Question

The derivative of $\sin^{-1}x$ exists in the interval

• A. $[-1,1]$
• B. $(-1,1)$
• C. $\mathbb{R}$
• D. $\left(-\frac{\pi}{2},\frac{\pi}{2}\right)$

Hint:

Derivative of $\sin^{-1}x$ is $\frac{1}{\sqrt{1-x^2}}$, so it exists only when $|x|<1$.

Answer 1

The Correct Option is B

To determine the interval in which the derivative of the inverse sine function \( \sin^{-1} x \) exists, we first need to understand its domain and its derivative.

Understanding the Domain of \( \sin^{-1} x \) 

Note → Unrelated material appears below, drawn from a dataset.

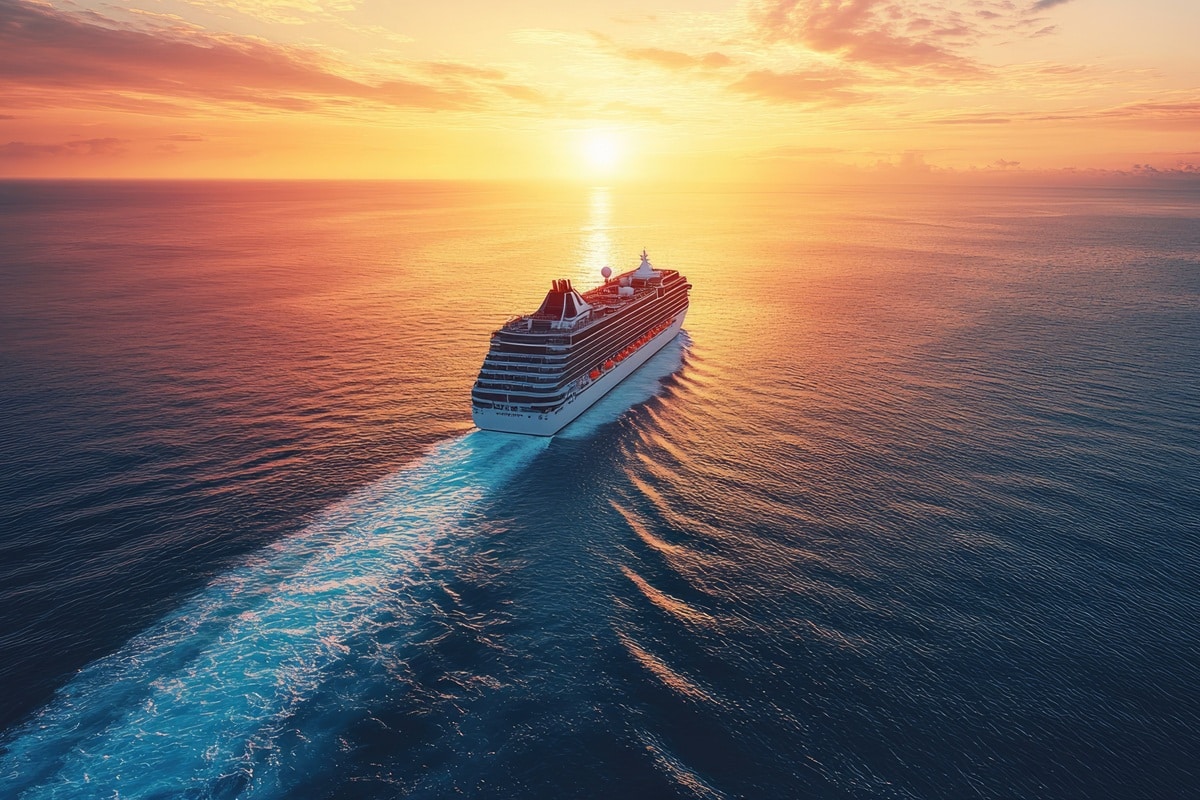 bateau de croisière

The function \( \sin^{-1} x \), also known as \( \text{arcsin}(x) \), is defined for \( x \) in the interval \([-1, 1]\). This is because sine values range only from -1 to 1, and inverse sine can only take inputs within this range.

Calculating the Derivative of \( \sin^{-1} x \)

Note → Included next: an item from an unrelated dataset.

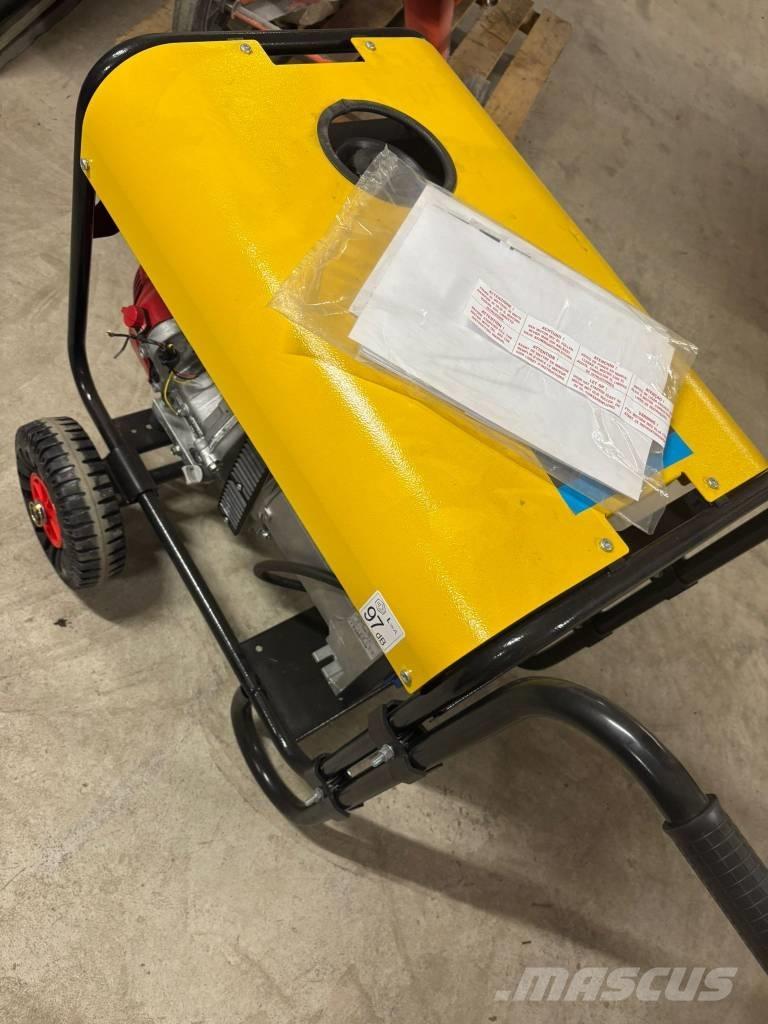 Atlas Copco QEP 8 Γεννήτριες πετρελαίου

The derivative of \( \sin^{-1} x \) is given by the formula:

\(\frac{d}{dx}(\sin^{-1}x) = \frac{1}{\sqrt{1-x^2}}\)

For this derivative to exist, the denominator should not be zero and the expression under the square root should be non-negative:

• \(1 - x^2 \geq 0\) implies \(x^2 \leq 1\) which means \( -1 \leq x \leq 1 \).
• \(\sqrt{1-x^2} \neq 0\) implies \( x \neq -1 \) and \( x \neq 1 \).

Conclusion: Interval of Existence

Therefore, the derivative exists for \( x \) in the open interval (-1, 1), excluding the endpoints where the denominator becomes zero. Hence, the correct answer is:

Correct Answer: \( (-1, 1) \)

The derivative of \( \sin^{-1}x \) is undefined at \(x = -1\) and \(x = 1\) due to division by zero at these points.